15: 18   A hot-tempered man stirs up strife, but he who is slow to anger quiets contention. 

2.   Decide to put up with more.

19:11   Good sense makes one slow to anger, and it is his glory to overlook an offence.

10:12   Hatred stirs up strife, but love covers all offences.

The fact is , we would do well to consider Jesus and what he endured. When you think of how many days of his life were full of so-called reasons to get angry... and then how little He was sinlessly angry - it ought to humble us and convince us that we really can put up with more.

3.   Avoid angry people. 

I know I mentioned this before, but we do tend to become like the people we spend the most time with. If your best friends are angry people, you are going to become an angry woman.

22:24   Make no friendship with a man given to anger, nor go with a wrathful man,

22: 25   lest you learn his ways and entangle yourself in a snare.

4.   Never go to bed angry. 

Before your head hits the pillow every night - do your blood-earnest best to rid your house and family of anger.
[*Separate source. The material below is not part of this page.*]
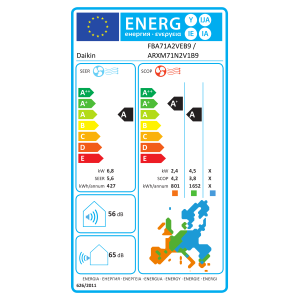 Climatiseur Daikin Sky Air Active series gainable FBA71A9 + ARXM71A — 7.1 kW (Monophasé) FBA71A9-ARXM71A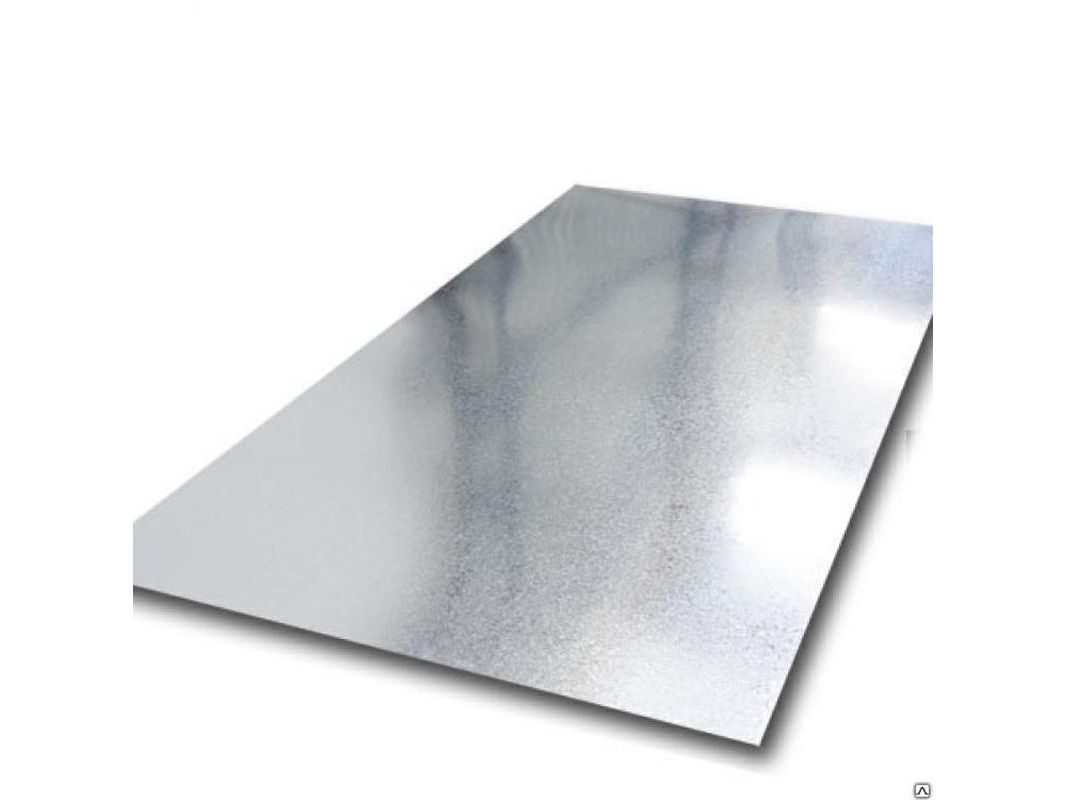 Изображение товара Гладкий лист 0,35х1250х2000 оцинкованный (100шт/пал) в Миди Лтд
For as bad as anger is for us, it is surprising how much the Bible speaks of God's wrath and anger. For Him, it is no sin. It is just and pure and holy and one day every soul will see it in full measure. Some men will be condemned to the wrath of God because they never repented of the anger of man. What a glory, that all the wrath of God a Christian deserved was poured out on God's Son, Jesus, instead at the cross. His satisfaction of wrath is enough to demand our rejection of anger.

29:22  A man of wrath stirs up strife, and one given to anger causes much transgression.

May God give us all grace to kill the sin of anger. 

Following Him with you all, 

Walter 

P.S. Murray left his gloves here the last time he was up. Please tell him I will send them down in the mail unless I hear from him otherwise.